WHAT IS BEING ASKED: Starting from the first line below, repeat the data exactly through to the last.

EXERCISE INPUTS:
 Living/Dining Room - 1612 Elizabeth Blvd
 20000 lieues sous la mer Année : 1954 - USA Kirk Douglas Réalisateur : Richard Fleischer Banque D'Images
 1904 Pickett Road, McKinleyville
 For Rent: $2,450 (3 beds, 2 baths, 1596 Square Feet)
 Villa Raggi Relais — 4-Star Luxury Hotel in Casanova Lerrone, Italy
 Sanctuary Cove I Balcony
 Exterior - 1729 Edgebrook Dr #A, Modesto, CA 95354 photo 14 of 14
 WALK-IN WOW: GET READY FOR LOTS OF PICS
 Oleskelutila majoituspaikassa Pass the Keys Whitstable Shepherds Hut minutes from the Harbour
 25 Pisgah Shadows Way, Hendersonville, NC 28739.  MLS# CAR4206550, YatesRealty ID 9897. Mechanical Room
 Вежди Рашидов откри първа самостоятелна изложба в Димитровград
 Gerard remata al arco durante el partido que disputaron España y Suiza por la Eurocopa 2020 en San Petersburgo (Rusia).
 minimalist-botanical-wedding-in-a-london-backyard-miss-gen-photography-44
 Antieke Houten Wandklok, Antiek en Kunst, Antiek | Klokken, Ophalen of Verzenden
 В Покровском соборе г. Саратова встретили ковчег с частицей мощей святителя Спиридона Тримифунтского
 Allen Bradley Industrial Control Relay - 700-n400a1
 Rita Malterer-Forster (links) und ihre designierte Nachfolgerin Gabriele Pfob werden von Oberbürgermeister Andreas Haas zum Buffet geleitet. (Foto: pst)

OUTPUT:
 Living/Dining Room - 1612 Elizabeth Blvd
 20000 lieues sous la mer Année : 1954 - USA Kirk Douglas Réalisateur : Richard Fleischer Banque D'Images
 1904 Pickett Road, McKinleyville
 For Rent: $2,450 (3 beds, 2 baths, 1596 Square Feet)
 Villa Raggi Relais — 4-Star Luxury Hotel in Casanova Lerrone, Italy
 Sanctuary Cove I Balcony
 Exterior - 1729 Edgebrook Dr #A, Modesto, CA 95354 photo 14 of 14
 WALK-IN WOW: GET READY FOR LOTS OF PICS
 Oleskelutila majoituspaikassa Pass the Keys Whitstable Shepherds Hut minutes from the Harbour
 25 Pisgah Shadows Way, Hendersonville, NC 28739.  MLS# CAR4206550, YatesRealty ID 9897. Mechanical Room
 Вежди Рашидов откри първа самостоятелна изложба в Димитровград
 Gerard remata al arco durante el partido que disputaron España y Suiza por la Eurocopa 2020 en San Petersburgo (Rusia).
 minimalist-botanical-wedding-in-a-london-backyard-miss-gen-photography-44
 Antieke Houten Wandklok, Antiek en Kunst, Antiek | Klokken, Ophalen of Verzenden
 В Покровском соборе г. Саратова встретили ковчег с частицей мощей святителя Спиридона Тримифунтского
 Allen Bradley Industrial Control Relay - 700-n400a1
 Rita Malterer-Forster (links) und ihre designierte Nachfolgerin Gabriele Pfob werden von Oberbürgermeister Andreas Haas zum Buffet geleitet. (Foto: pst)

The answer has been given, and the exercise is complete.